SUARAGURUSULSELNEW.COM;
BANTAENG – Transformasi peran guru menjadi aktor utama dalam mewujudkan “Indonesia Emas 2045” menjadi tema besar yang diusung dalam Konferensi Persatuan Guru Republik Indonesia (PGRI) Cabang Kecamatan Pajukukang. Acara yang memilih tempat tak biasa, yaitu di Warkop Bang Noval , ini dilaksanakan pada hari Rabu, 22 Oktober 2025 , untuk memilih pengurus masa bakti 2025-2030.
Kegiatan penting ini dihadiri langsung oleh tokoh-tokoh kunci pendidikan di Bantaeng, termasuk Drs. H. Asri Sahrun SC, M.Si, Kepala Dinas Pendidikan dan Kebudayaan Kabupaten Bantaeng , serta Drs. Samsud Samad, MM, Ketua PGRI Kabupaten Bantaeng beserta rombongan.
Dalam berbagai hal, Ketua Panitia menyampaikan penghargaan setinggi-tingginya atas partisipasi semua pihak, sekaligus memohon maaf atas segala kekurangan teknis yang mungkin terjadi selama acara berlangsung.
Ketua PGRI Cabang Pajukukang masa bakti 2020-2025, Muhammad Yusri, S.Pd , dalam sambutannya dengan permohonan maaf atas keterlambatan penyelenggaraan konferensi yang disebabkan oleh beberapa kendala teknis.

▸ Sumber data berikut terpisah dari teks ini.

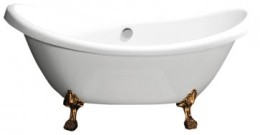 Акриловая ванна BelBagno 183x75 BB05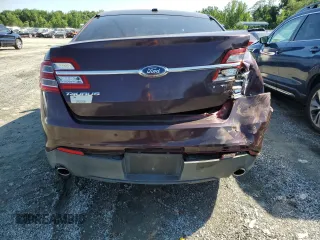 2015 Ford Taurus Limited с VIN 1FAHP2F86FG101525, выставлен на аукционе Copart как лот 58062345 с пробегом 168 122 миль миль и Списание • Salvage title. История ставок и продаж доступна на DreamBid. Изображение 6.
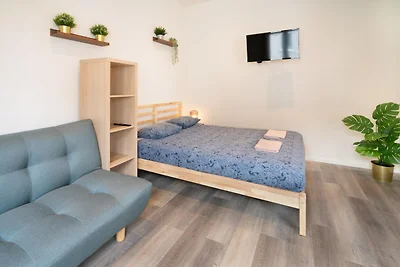 Wohnung im Zentrum von Antwerpen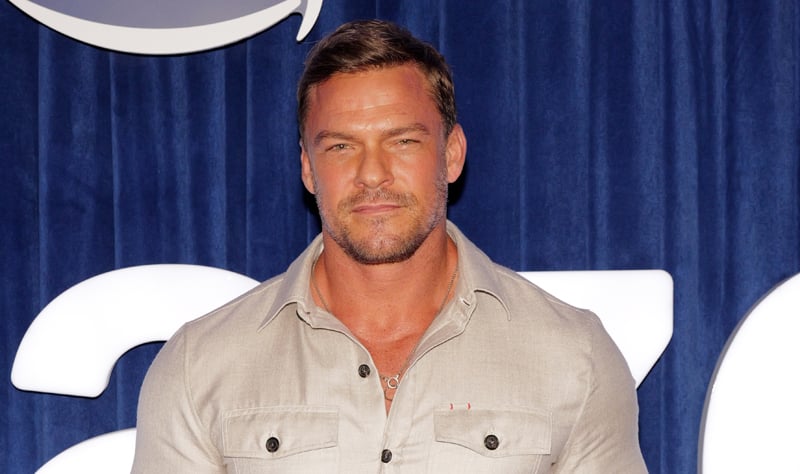 Alan Ritchson Not Facing Charges in Neighbor Fight, Police Determine He Acted in Self-Defense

Ia kemudian menekankan pentingnya persatuan.
“Rajut kebersamaan dan kolaborasi demi PGRI yang lebih baik,” ajak Muhammad Yusri.

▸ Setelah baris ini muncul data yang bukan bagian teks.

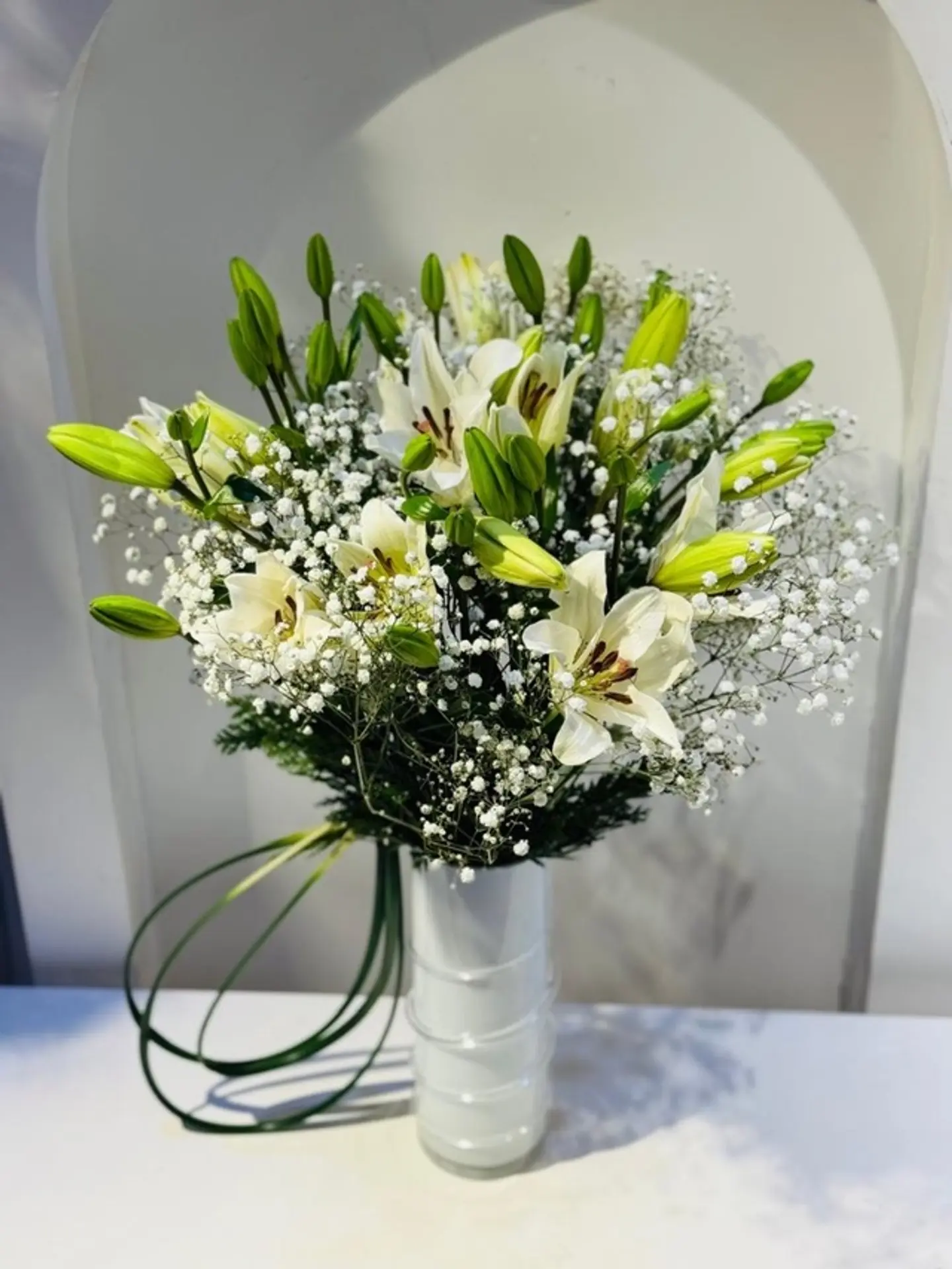 فازه ورد جميله 09123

Peringatan Keras Soal ‘Generasi Strawberry’
Sambutan dari Ketua PGRI Kabupaten Bantaeng, Drs. Samsud Samad, MM , menjadi sorotan utama. Ia menegaskan bahwa tema transformasi PGRI Indonesia Emas adalah amanah dari pengurus pusat hingga mengomel. Ia juga melontarkan pertanyaan mendasar: siapa aktor utama yang akan mengisi tahun 2045?
“Aktor itu adalah usia anak-anak sekolah kita yang ada sekarang di SD dan SMP. Oleh karena itu, tugas kita sebagai guru di garda terdepan sangat besar. Kuatkan kompetensi dasar dan kuatkan solidaritas kita,” tegas Drs. Samsud Samad.
Lebih lanjut, ia menyoroti gejala-gejala psikologis yang “sangat memprihatinkan” pada kalangan pelajar SMP di Bantaeng, yang ditandai dengan luapan emosi tak terkendali. Ia menduga kondisi ini dipicu oleh penumpukan tekanan dan berkurangnya pelemasan emosi.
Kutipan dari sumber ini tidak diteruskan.